Manganese oxide/biomass porous carbon anode additive derived from apricot peel for high-performance lead-carbon batteries

The negative plate additive can significantly enhance the performance of lead-carbon batteries (LCBs). In this study, manganese oxide/reaming apricot shell carbon composite (Mn-RASC) as a negative additive was prepared by employing a simple KOH activation of apricot shells and a hydrothermal strategy to enhance the electrochemical properties of the LCBs. The additive is constructed to alleviate the irreversible sulfation of the negative plate in the high-rate partial state of charge (HRPSoC). And the results illustrate that the initial discharge capacity of the Mn-RASC-modified lead-carbon battery is 153.01 mAh/g, surpassing the 83.37 mAh/g of the blank control group battery. Additionally, the cycle life of the Mn-RASC-modified lead-carbon battery reaches 15,188 cycles, 8.7 times longer than that of the blank control group battery (1744 cycles).

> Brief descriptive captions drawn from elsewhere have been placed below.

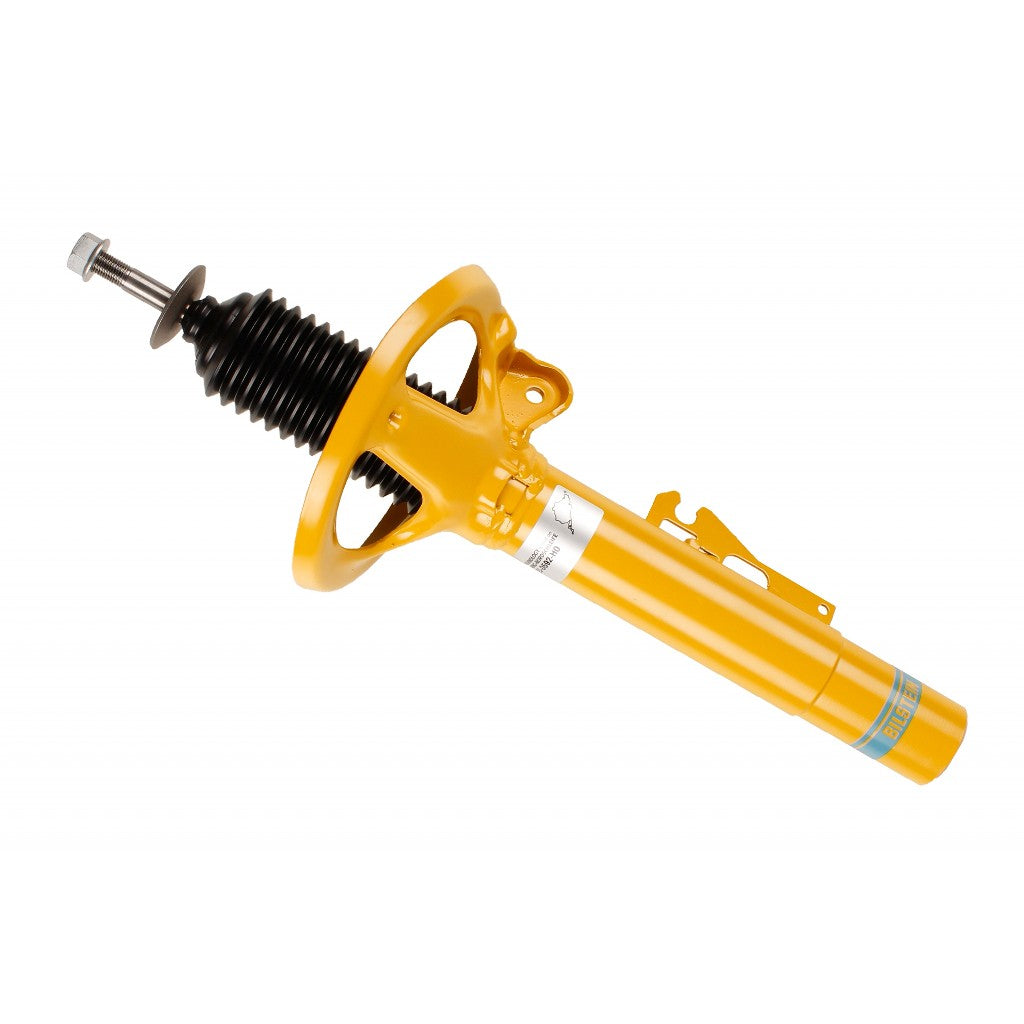 BILSTEIN 35-135920 Амортизатор передній правий B8 (R3.2) для PORSCHE 911 (997) Photo-0 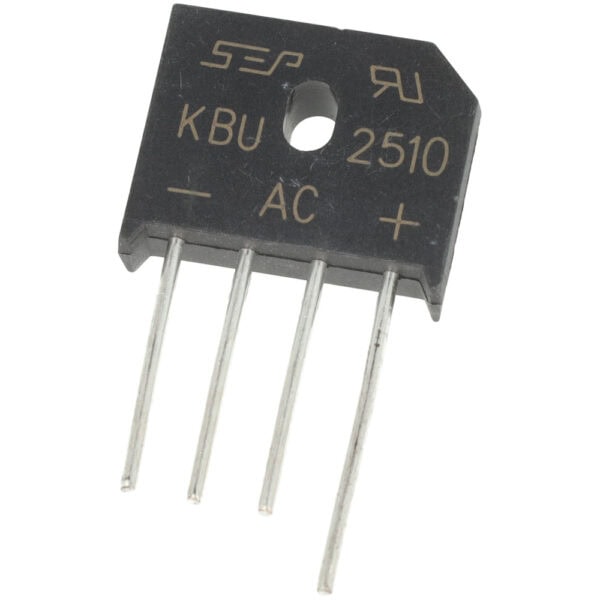 sklep_msalamon_ELE-00018_3 sklep_msalamon_ELE-00018_3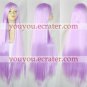 Reisen Wig from Touhou Project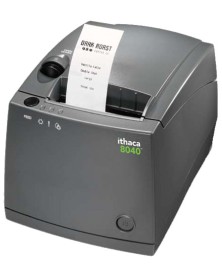 Ithaca 8040-USB-DG-ITH...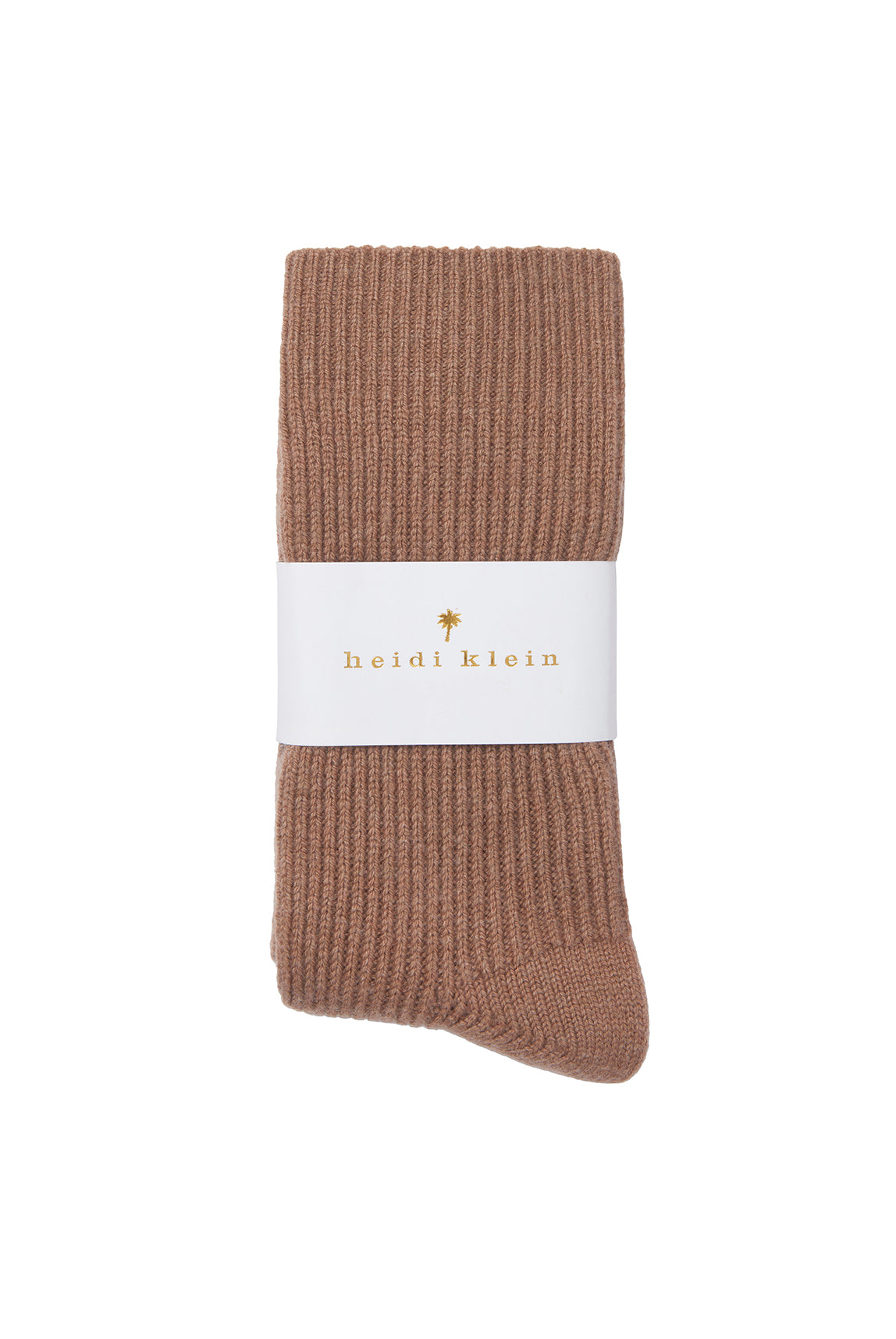 Camel Winter Accessories Gift Set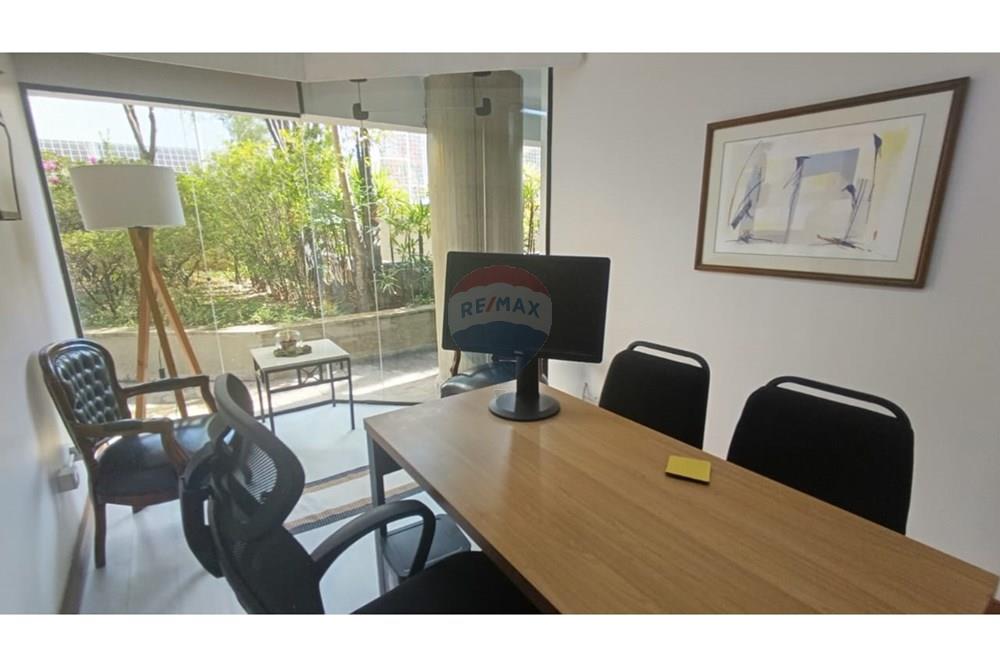 Apartamento - Alugar - São Paulo , São Paulo - WhatsApp Image 2025-07-18 at 15.21.00.jpeg - 602151013-196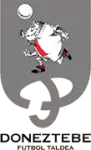 Doneztebe FT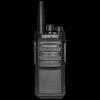 Fomtalk Max7000P High-Power Walkie-Talkie (CN version)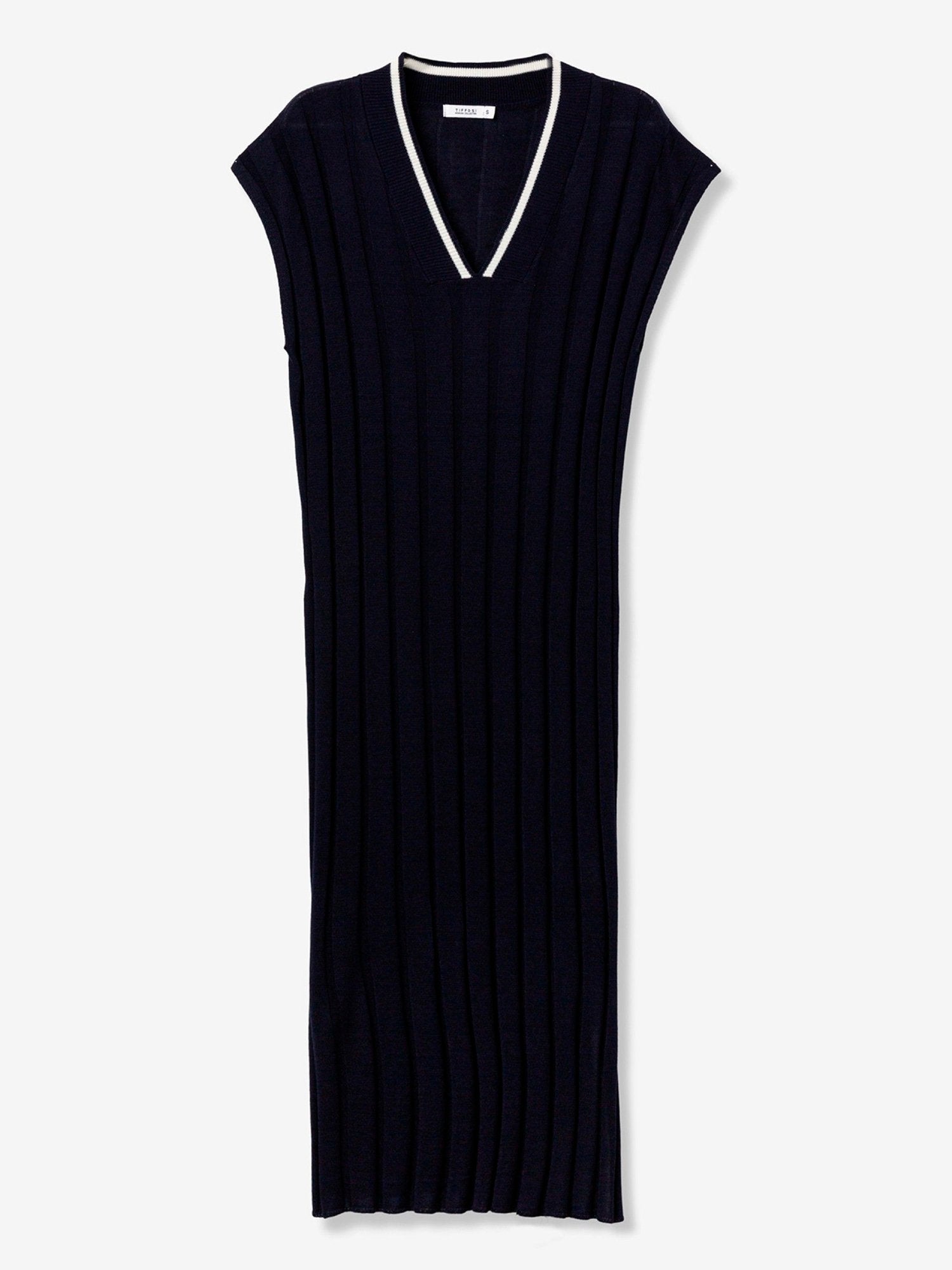 31971 - Aleta_1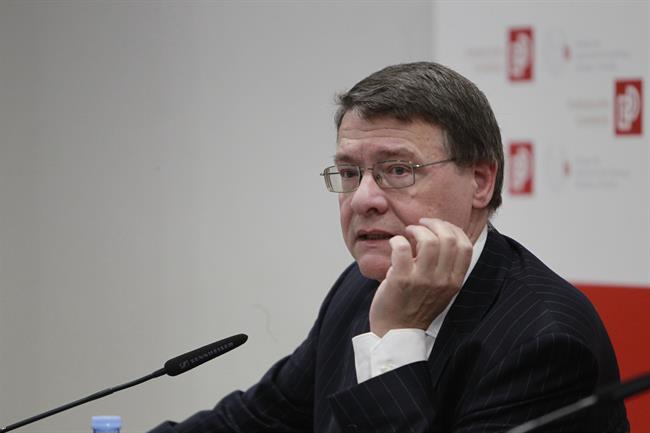 ep jordi sevilla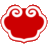 �˶ˣ�Clouduolc���ٷ�������v1.0.0 �ٷ�����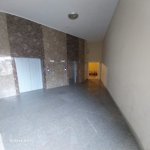 Satılır 2 otaqlı Yeni Tikili Xırdalan 8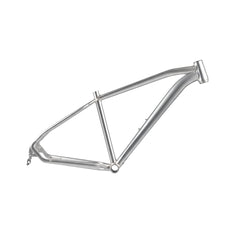 Bicycle Frame - MTB Bike Frame -Alloy  Bicycle Frames - XC 900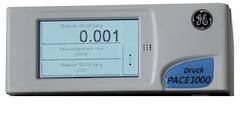 PACE 1000 Precision Pressure Indicator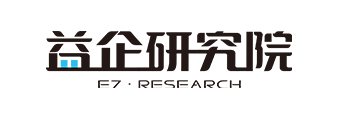 DT时代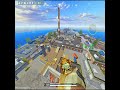 𝟐𝐊 | 𝟏𝟐𝟎𝐅𝐏𝐒 - 𝐁𝐋𝐎𝐎𝐃 𝐒𝐓𝐑𝐈𝐊𝐄 #BloodStrike#BloodStrikeClips #BloodStrikePC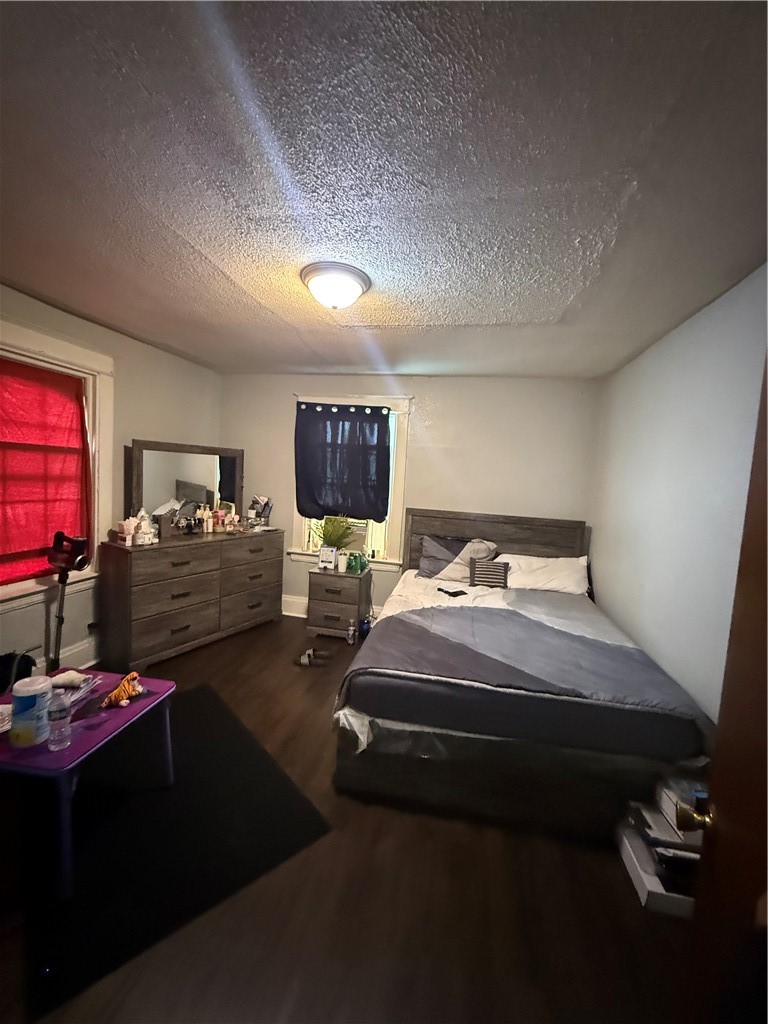 531-533 Jefferson Avenue Rochester, NY 14611 - Photo 30 of 35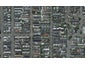 4/49 Champion Street, Edgeware, Christchurch - Carousel 1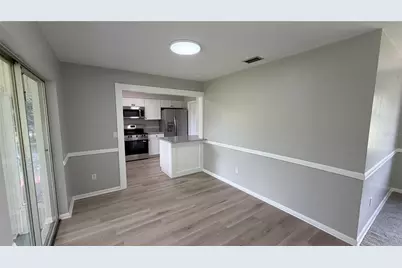 658 Elgrove Drive, Deltona, FL 32725 - Photo 15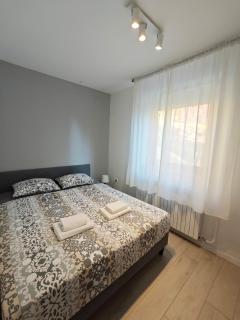 Lola Apartment Free Parking - 6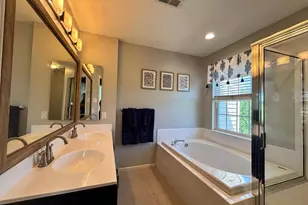 500 Joshua Ct, North Wales, PA 19454 - Photo 16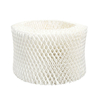 Honana HN-A5 Filtre humidificateur de remplacement HU4102 Filtre HEPA pour Philips HU4801 HU4802 HU4803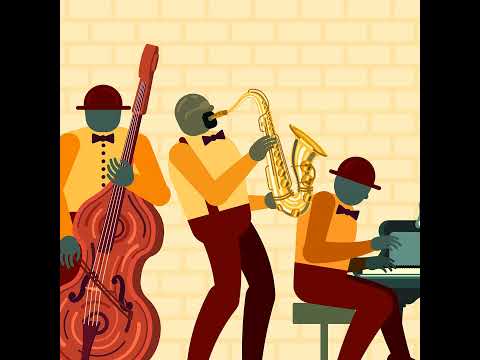 JUMPIN' IN 07.11.2020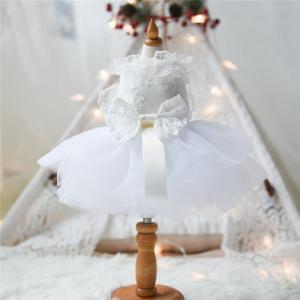 ウエディングドレス 犬服 アクセサリー の商品一覧 犬用品 ペット用品 生き物 通販 Yahoo ショッピング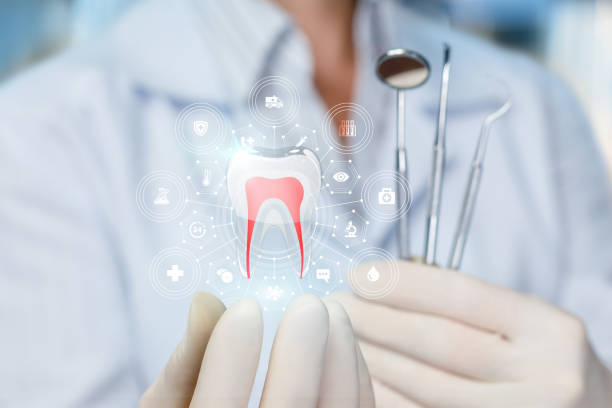 Best Veneers and Lumineers  in Lillington, NC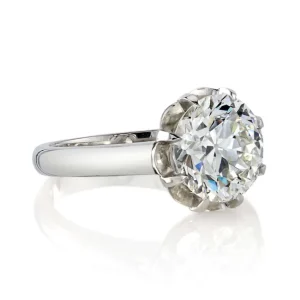 JOLENE>SINGLE STONE Outlet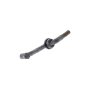 Suction Line Oil Assembly for Makita DCS430 Chainsaws - 020 245 041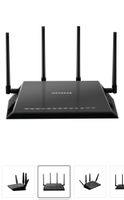 Netgear R7800 Nighthawk X4S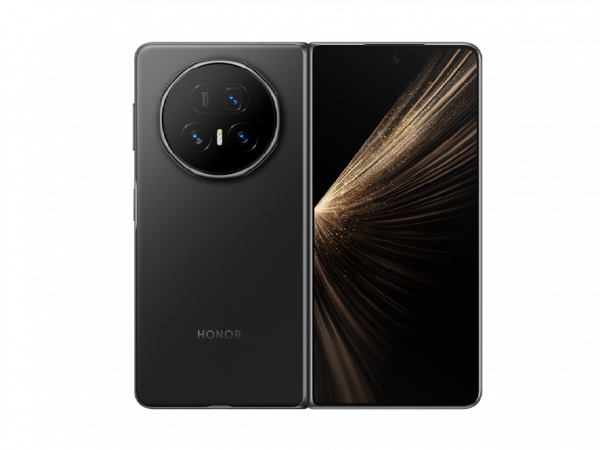 Smartphone HONOR Magic V516GB512GBcrna' ( '5109BUKJ' ) 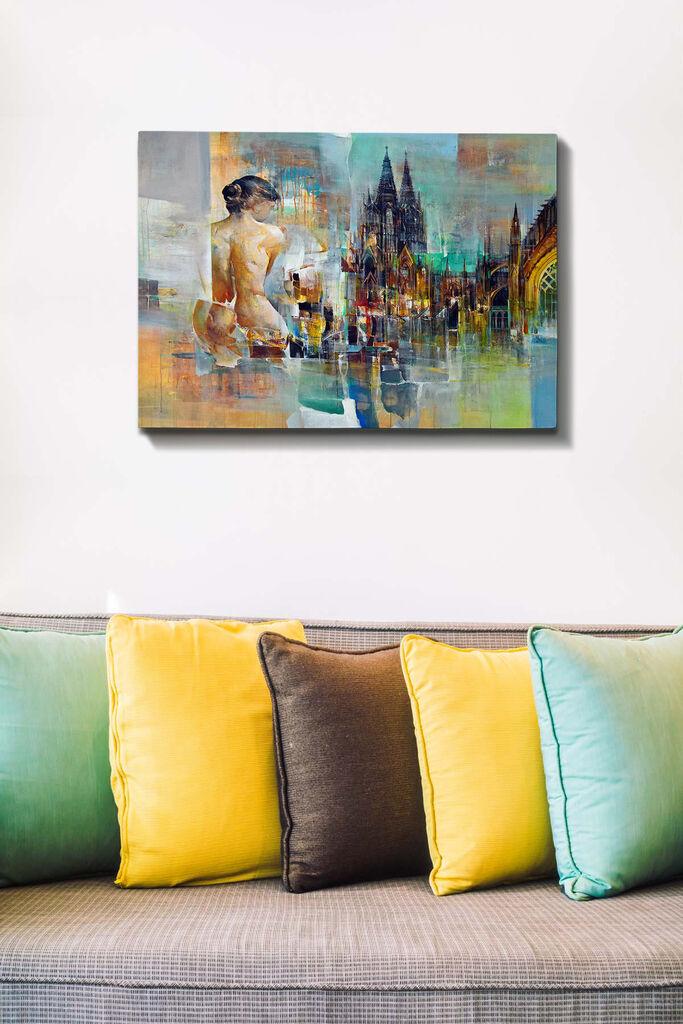 image for product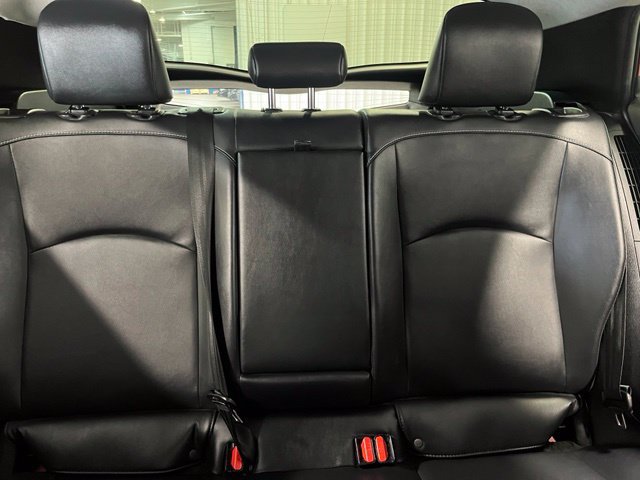 Used 2021 Toyota Prius Prime XLE FWD image 12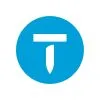 Thumbtack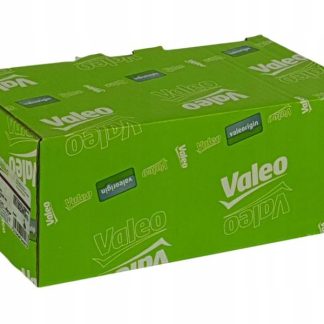 Łożysko hydrauliczne koncentryczne VALEO VAL804538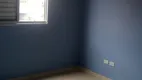 Foto 18 de Apartamento com 2 Quartos à venda, 62m² em Centro, Cotia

Manganese oxide doping onto the electrode surface can achieve more charge transfer under a redox reaction, which is conducive to lowering the internal resistance and improving the conversion rate of the negative active material, thus effectively inhibiting the irreversible sulfation of the negative plate. In addition, the application of Mn-RASC also considers the inhibition of hydrogen evolution, thus comprehensively improving the cycle life of the battery. The successful preparation of Mn-RASC also provides a feasible solution for the design and synthesis of negative additives for LCBs.